Since his 2004 study Venter has upped the metagenomics ante. Circumnavigating the globe on the Sorcerer II (www.sorcerer2expedition.org), Venter collected water samples for genomic analysis every 200 miles. His team has collected "multiple billions of base pairs, and over six million new genes," Venter says. He expects to publish initial findings "probably sometime this summer."
Banfield's team has moved beyond metagenomics into "community proteomics," surveying the protein complement of their biofilm samples and identifying 2,033 proteins, including a low-abundance cytochrome that appears to be responsible for the dominant organism in the community's ability to oxidize iron.5
Meanwhile, other researchers continue to sift through the data Banfield and Venter generated more than two years ago. In one such study, Ed Rubin, director of the Department of Energy's Joint Genome Institute at Lawrence Berkeley National Labs, and colleagues used the two datasets, among others, to identify genomic signatures for the different types of organisms and metabolic capabilities that define different ecosystems - an approach DeLong calls "comparative community genomics."6
Microbial communities, Rubin explains, are too complex to be understood at the organismal level, so he takes a more gene-centric approach.
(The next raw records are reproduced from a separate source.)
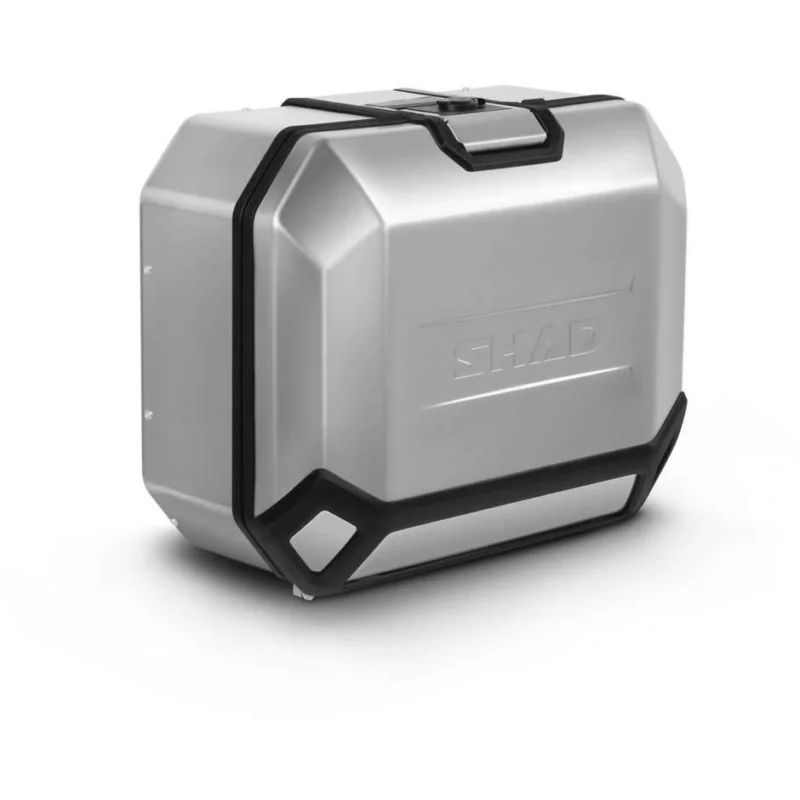 Valigia Laterale 4P System Shad TERRA in Alluminio 36Litri TR36R Destro Soddisfatti O Rimborsati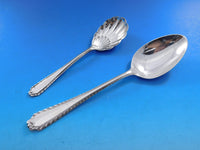 Hawthorne by Reed & Barton Sterling Silver Flatware Set for 8 Service 47 pieces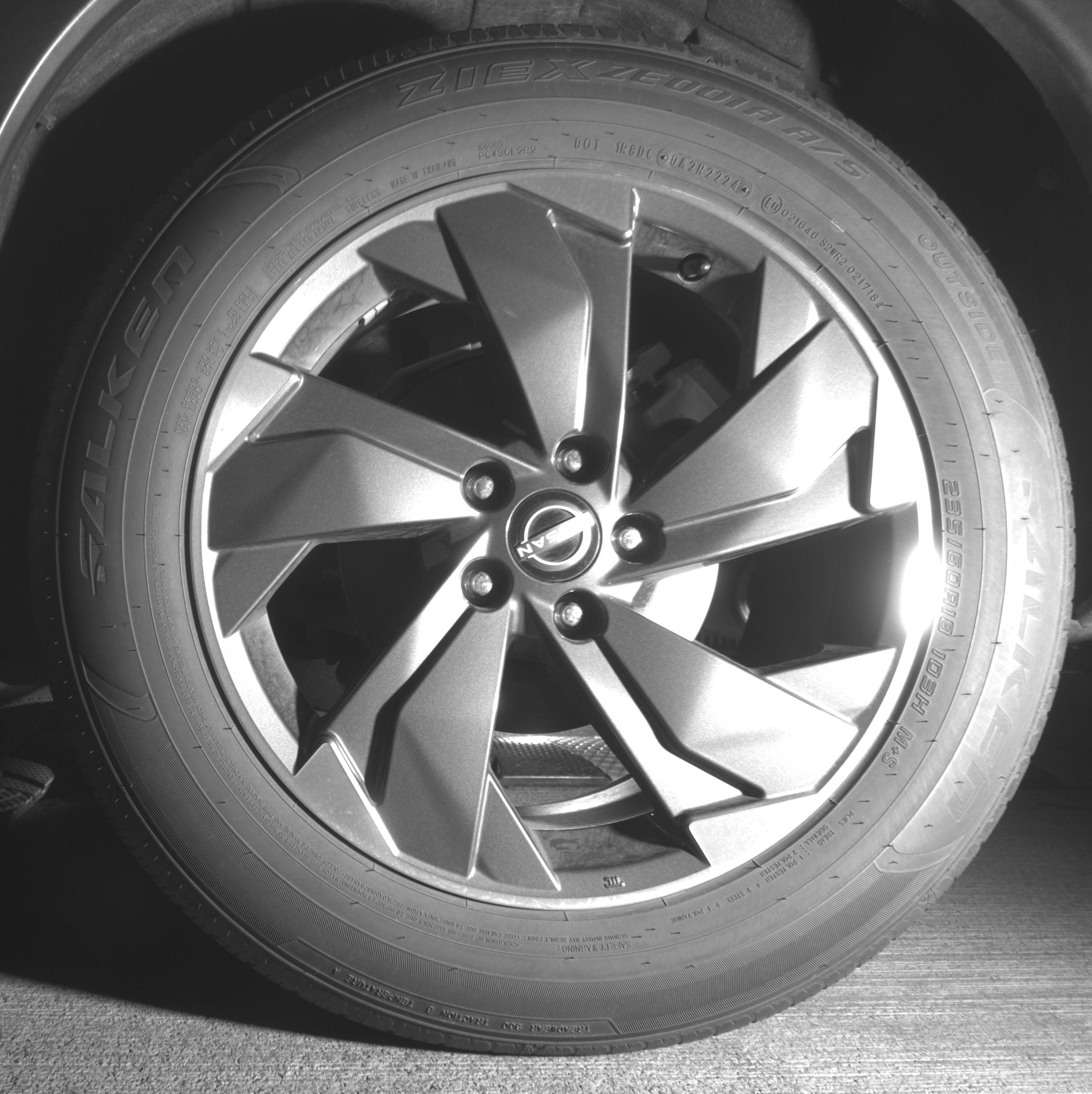 Thumbnail: 2025 Nissan Rogue - 11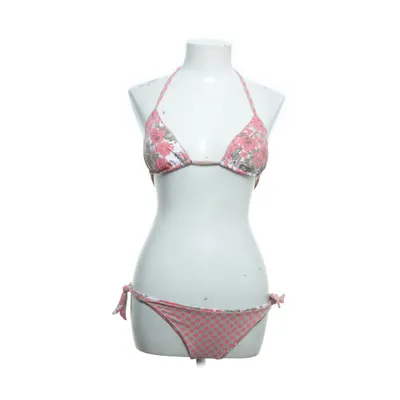 Bikini (Red, White, Green, Multicolored) from Twin-Set Elastane, Nylon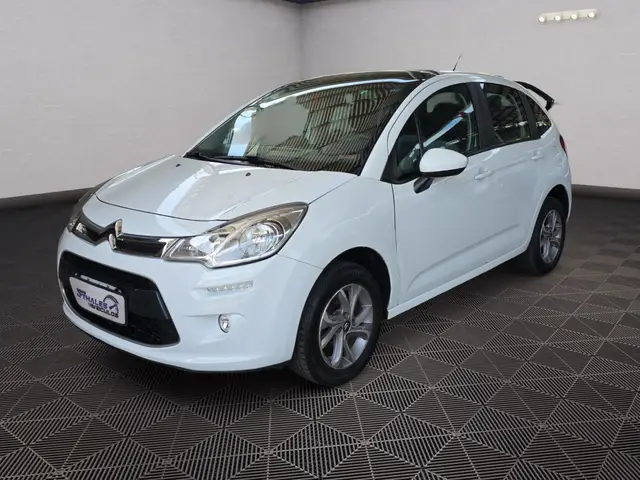 Carro Citroën C3 2017 Tendance Puretech 1.2 12V (Flex)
One particular soil community, for instance, was found to be rich in potassium transporters. "We went back and looked at the soil and found out it was rich in potassium," Rubin says. Likewise, shallow-water communities tended to be rich in photosynthetic genes, whereas deep-water communities were not. Extrapolating from those observations, Rubin says it might similarly be possible to identify fingerprints of environments that contain oil or that are particularly fertile. "You can use these fingerprints as a diagnostic, a gene-based diagnostic to tell you about environments."
"For a lot of us that's pretty exciting," says DeLong, "because we're getting access to ecological information that was inaccessible until some of these techniques came along."